Mairie et cure sont des fonctions souvent confondues avec le lieu de leur exercice: l’Hôtel de Ville pour les citoyens et le presbytère pour les paroissiens autour d’une unité administrative qui a longtemps été la paroisse avant de devenir la commune après la Révolution. Est ce pour cela qu’un jour du début du XX° siècle le presbytère de Chazelles est devenu son Hôtel de Ville? Mais non bien sûr: il a tout de même fallu des lois pour qu’un maire puisse lorgner sur une cure largement et richement dotée avec l’idée d’y transporter sa « mairie » toujours à l’ombre de l’immense clocher de l’église et devenue trop petite pour sa commune, le nombre de citoyens dont il a la charge ayant fortement augmenté. C’est ce qui s’est passé en 1907 à Chazelles-sur-Lyon.
Le maire.
Le maire apparait très tôt dans l’histoire de la France. C’est un administrateur de village qui exerce pour le compte du seigneur dont il dépend. Dès le X° siècle on parle alors d’un maïor, adjectif dérivé du latin (encore une fois !) major : c’est le plus grand personnage de la communauté. L’adjectif devient nom et nait ainsi le maire qui va assurer l’administration des biens dans les communes et appartenant à différents propriétaires terriens. Cette fonction se développe progressivement et devient une charge qui s’achète au XV° siècle. Puis elle disparait sous la pression du pouvoir royal central qui impose la prévôté aux villes et villages avec son contingent notamment de juges, prévôts, lieutenants, procureurs, greffiers et huissiers.
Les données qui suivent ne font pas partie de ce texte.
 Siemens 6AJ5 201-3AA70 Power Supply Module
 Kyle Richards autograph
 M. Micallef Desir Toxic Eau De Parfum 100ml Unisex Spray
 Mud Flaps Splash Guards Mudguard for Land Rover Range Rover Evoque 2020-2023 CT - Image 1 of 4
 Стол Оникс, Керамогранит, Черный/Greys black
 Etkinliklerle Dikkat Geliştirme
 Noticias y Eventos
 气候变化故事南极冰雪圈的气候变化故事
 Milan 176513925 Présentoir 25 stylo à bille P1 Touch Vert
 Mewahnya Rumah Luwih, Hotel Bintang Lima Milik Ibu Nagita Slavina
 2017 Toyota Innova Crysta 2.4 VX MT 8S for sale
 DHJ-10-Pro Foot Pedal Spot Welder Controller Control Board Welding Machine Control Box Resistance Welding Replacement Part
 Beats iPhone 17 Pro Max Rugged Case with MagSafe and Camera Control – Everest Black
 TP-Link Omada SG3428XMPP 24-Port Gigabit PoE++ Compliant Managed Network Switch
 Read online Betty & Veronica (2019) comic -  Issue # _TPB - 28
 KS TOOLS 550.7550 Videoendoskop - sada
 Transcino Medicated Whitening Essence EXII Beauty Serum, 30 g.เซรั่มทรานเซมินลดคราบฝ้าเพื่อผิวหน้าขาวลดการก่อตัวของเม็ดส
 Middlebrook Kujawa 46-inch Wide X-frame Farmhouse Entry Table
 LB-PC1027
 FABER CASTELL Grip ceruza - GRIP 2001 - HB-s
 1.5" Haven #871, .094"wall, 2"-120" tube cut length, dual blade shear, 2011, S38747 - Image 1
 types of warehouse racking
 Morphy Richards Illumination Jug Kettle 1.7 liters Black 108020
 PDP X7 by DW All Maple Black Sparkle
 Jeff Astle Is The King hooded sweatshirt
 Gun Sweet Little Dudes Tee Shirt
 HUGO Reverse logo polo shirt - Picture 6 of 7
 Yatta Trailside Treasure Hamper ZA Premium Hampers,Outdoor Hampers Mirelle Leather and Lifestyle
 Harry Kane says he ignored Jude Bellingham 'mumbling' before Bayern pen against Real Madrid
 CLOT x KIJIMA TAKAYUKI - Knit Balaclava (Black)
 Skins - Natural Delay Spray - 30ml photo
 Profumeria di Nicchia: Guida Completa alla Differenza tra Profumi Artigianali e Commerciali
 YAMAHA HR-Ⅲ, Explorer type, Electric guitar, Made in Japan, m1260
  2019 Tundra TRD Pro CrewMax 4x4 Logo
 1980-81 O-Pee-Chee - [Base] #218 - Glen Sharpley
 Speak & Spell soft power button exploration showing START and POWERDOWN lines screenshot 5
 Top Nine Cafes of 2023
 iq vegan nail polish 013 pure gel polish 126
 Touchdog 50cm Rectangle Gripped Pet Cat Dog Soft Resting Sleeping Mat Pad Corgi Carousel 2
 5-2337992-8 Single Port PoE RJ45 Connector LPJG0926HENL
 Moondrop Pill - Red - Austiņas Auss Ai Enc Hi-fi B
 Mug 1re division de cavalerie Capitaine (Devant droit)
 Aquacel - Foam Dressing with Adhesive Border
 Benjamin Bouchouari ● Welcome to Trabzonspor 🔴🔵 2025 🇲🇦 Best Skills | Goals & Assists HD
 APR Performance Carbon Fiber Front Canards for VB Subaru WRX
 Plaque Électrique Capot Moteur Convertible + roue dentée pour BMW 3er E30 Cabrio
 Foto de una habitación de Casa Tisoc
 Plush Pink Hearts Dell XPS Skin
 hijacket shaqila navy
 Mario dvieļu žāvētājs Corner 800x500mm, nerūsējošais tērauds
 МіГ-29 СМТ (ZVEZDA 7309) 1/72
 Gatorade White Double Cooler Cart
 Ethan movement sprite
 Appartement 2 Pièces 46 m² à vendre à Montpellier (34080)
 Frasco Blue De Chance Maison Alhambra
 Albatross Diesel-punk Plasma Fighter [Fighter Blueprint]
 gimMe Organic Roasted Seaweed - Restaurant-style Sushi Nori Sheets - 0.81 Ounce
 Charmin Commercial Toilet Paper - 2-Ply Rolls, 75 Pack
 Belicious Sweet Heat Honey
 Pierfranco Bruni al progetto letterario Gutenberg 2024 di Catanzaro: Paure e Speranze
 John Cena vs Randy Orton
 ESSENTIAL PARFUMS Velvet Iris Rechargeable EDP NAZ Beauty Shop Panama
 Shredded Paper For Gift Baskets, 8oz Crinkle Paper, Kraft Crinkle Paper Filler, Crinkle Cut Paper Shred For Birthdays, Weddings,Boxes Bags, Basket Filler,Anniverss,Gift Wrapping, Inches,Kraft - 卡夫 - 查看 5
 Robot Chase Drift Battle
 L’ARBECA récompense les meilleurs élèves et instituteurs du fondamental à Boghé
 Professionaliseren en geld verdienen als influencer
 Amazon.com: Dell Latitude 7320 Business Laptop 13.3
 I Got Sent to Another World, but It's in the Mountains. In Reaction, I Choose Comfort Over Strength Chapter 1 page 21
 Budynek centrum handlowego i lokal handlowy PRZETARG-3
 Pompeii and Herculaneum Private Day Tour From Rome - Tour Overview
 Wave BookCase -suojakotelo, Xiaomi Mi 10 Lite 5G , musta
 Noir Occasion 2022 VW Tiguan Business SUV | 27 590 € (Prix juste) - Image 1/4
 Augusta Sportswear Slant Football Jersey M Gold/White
Cette charge « revient » en ville avec la Révolution française suivie de la 1° République qui installe des agents municipaux ou maires dans les communes, élus au suffrage direct (les éligibles habitent la commune et doivent payer un impôt au moins équivalent à dix journées de travail) pour 2 ans et rééligibles par les citoyens actifs de la commune (les électeurs habitent la commune et doivent payer un impôt au moins égale à 3 journées de travail). Les premières élections municipales ont lieu en février 1790. Plus de 40.000 maires (autant que de curés et de paroisses !) sont élus. Ils vont alors porter, dans l’exercice de leurs fonctions et comme marque distinctive à l’image du curé ceint de son écharpe de soie noire, une ceinture faite d’un ruban tissé aux trois couleurs de la nation, bleu, rouge et blanc, attachée d’un nœud, et ornée d’une frange de couleur d’or que l’on connait tous et portée aujourd’hui à la taille ou à l’épaule.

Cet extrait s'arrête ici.